Mütalaada, Çiğdem Mater, Ali Hakan Altınay, Mine Özerden, Can Atalay, Tayfun Kahraman ve Yiğit Ali Ekmekçi hakkında ise darbeye teşebbüs suçunu “yardım eden sıfatıyla” işledikleri gerekçesiyle 20 yıla kadar hapis cezası isteniyor.
Duruşmaya cezaevinden SEGBİS’le bağlanan Osman Kavala şunları kaydetti:
Yargı süreci siyasi etki ile deformasyona uğramış, kamu yetkisinin kötüye kullanıldığı bir süreç yürütülmüştür. Gezi protestolarının Soros ve dış güçlerce planlandığı, benim bunun organizasyonunu gerçekleştirdiğim kurgusunun daha sonra FETÖ üyesi olmakla suçlanmış bir savcı tarafından hazırlandığını biliyoruz.

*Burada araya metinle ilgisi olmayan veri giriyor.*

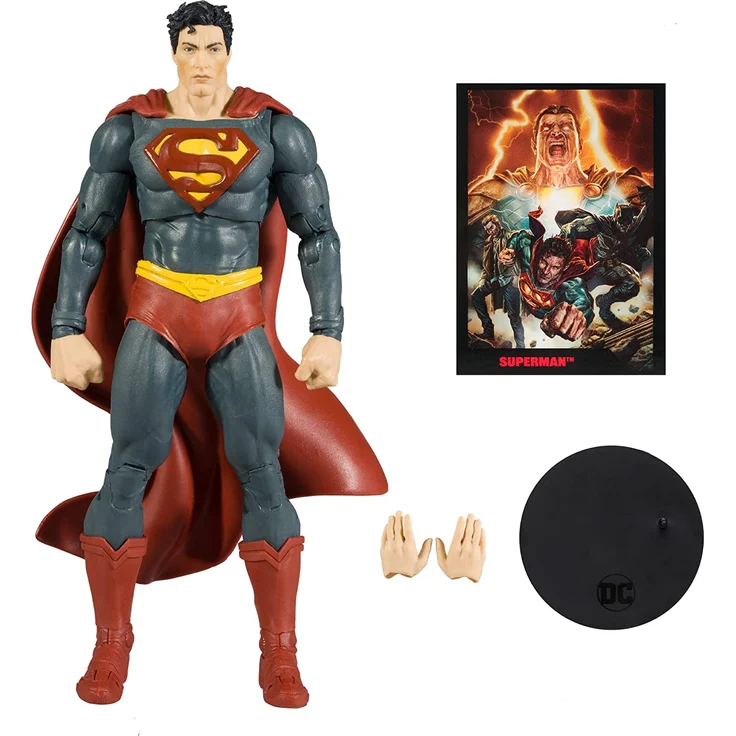 DC Black Adam Page Punchers Actionfigur & Comic Superman 18 cm – Bild 9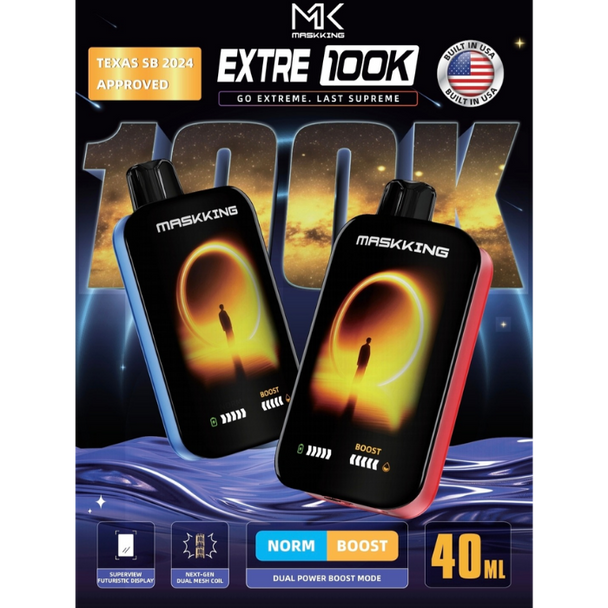Maskking Extre 100k Vape TX only vapez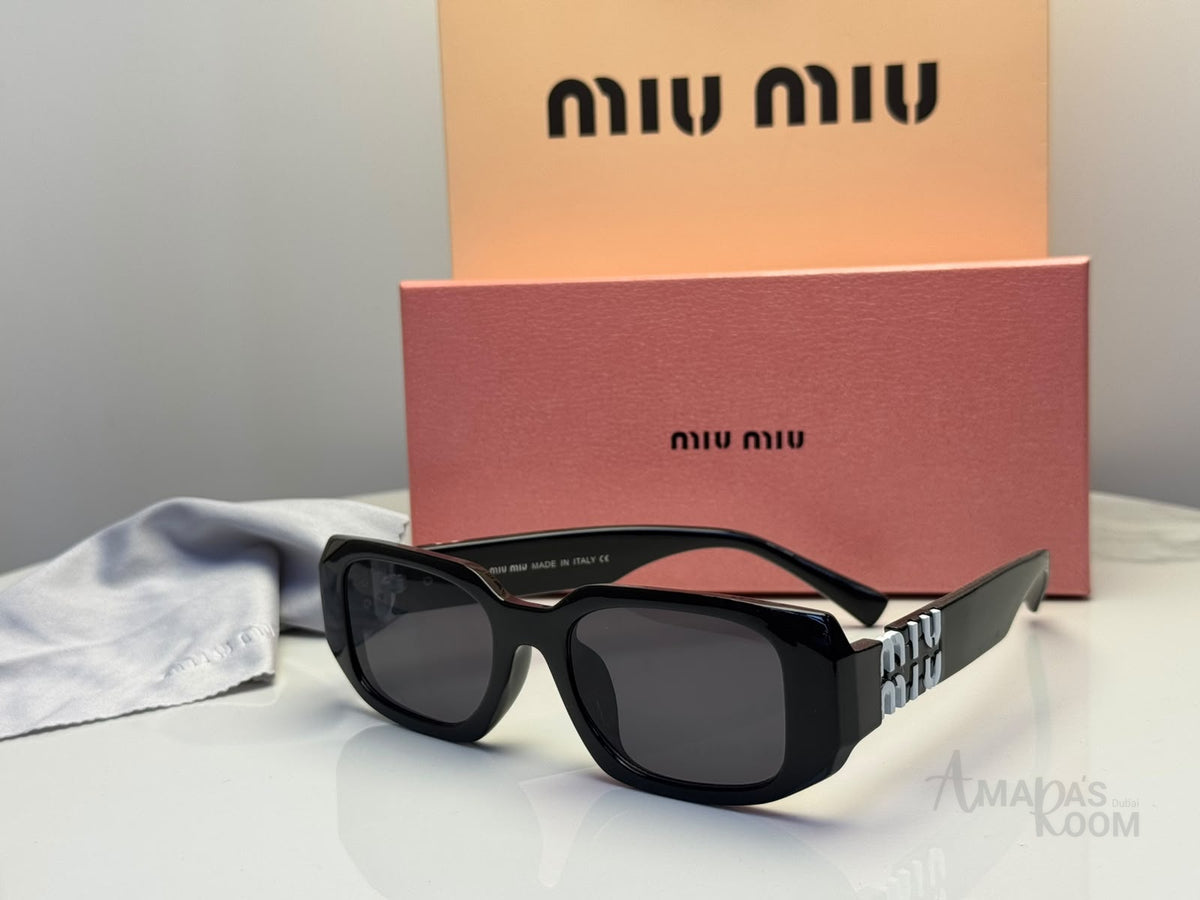 Miu Miu Sunglasses Bold Black – Silver-Tone - View 2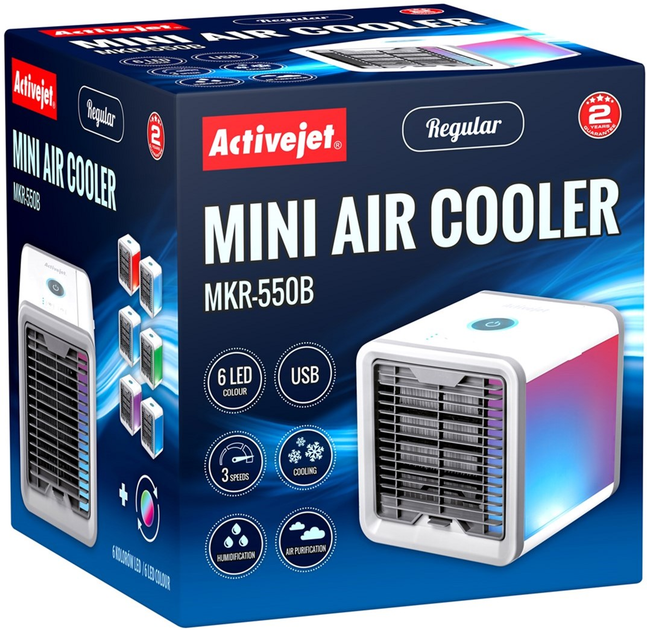 Mini klimatyzator Activejet Regular MKR-550B - obraz 10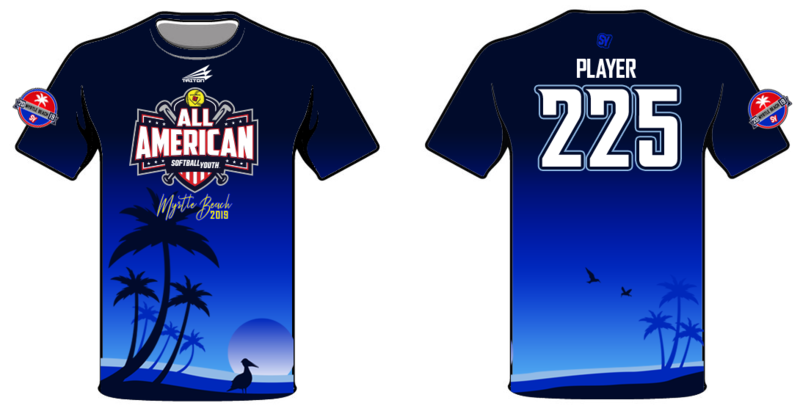 Softball Youth All-Americans Myrtle Beach 2019 Warm Up HyperTee HT2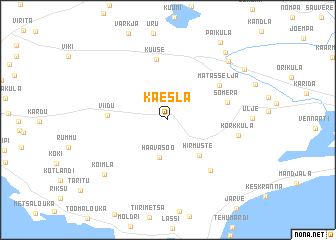 map of Käesla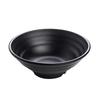 Japanese Style Black Frosted Melamine Ramen Bowl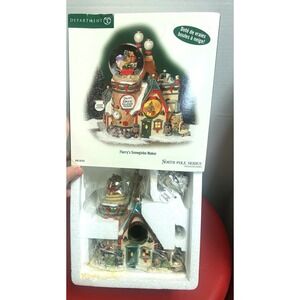 Department 56 Flurry's Snowglobe Maker 56763 North Pole Series W/ Light &box 03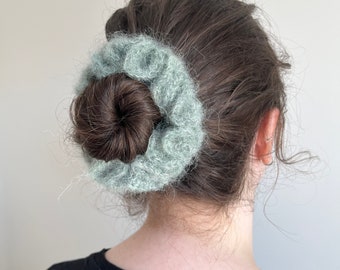 Handmade crochet fluffy scrunchies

Gezi’nin dışarıdan yönetildiğine dair delil gösterilemedi. 80 ile yayılan protestoları yönlendirdiğim iddiası akla uygun değildir, sadece poğaça ve eczaneden alınmış maskelerle gittiğim Gezi’nin maddi ihtiyaçlarını karşıladığım iddiası saçmalıktır. Gezi protestolarının George Soros tarafından düzenlendiği iddiası protestoya katılan vatandaşlarımızı itibarsızlaştırmaya yönelik bir iddiadır. Bu iddia, araştırma sonucu ulaşılmış herhangi bir delile değil, Soros’un Arap Baharı arkasındaki kişi olduğu algısına dayanmaktadır ve iddianamede de böyle yer almıştır.
Şiddet içeren, suç sayılan bir eylem biçimi önermem, insanları, kuruluşları buna teşvik etmem söz konusu değildir. Zaten iddianamede de bu kanıtlanmamıştır. Herhangi bir örgüte bağım bulunamadığından beni kalkışmanın finansmanı yaptılar. Hayatımın 4,5 yılını cezaevinde geçirmiş olmam benim için telafisi mümkün olmayan bir kayıptır. Bana teselli sağlayacak yegâne şey yaşadıklarımın yargıdaki vahim sorunların daha iyi anlaşılmasına katkıda bulunması ihtimalidir.
Diğer sanıkların ve avukatlarının söz almalarının ardından Mahkeme Başkanı Mesut Özdemir duruşmayı bitirdi. Davaya 25 Nisan Pazartesi günü devam edilmesine karar verildi.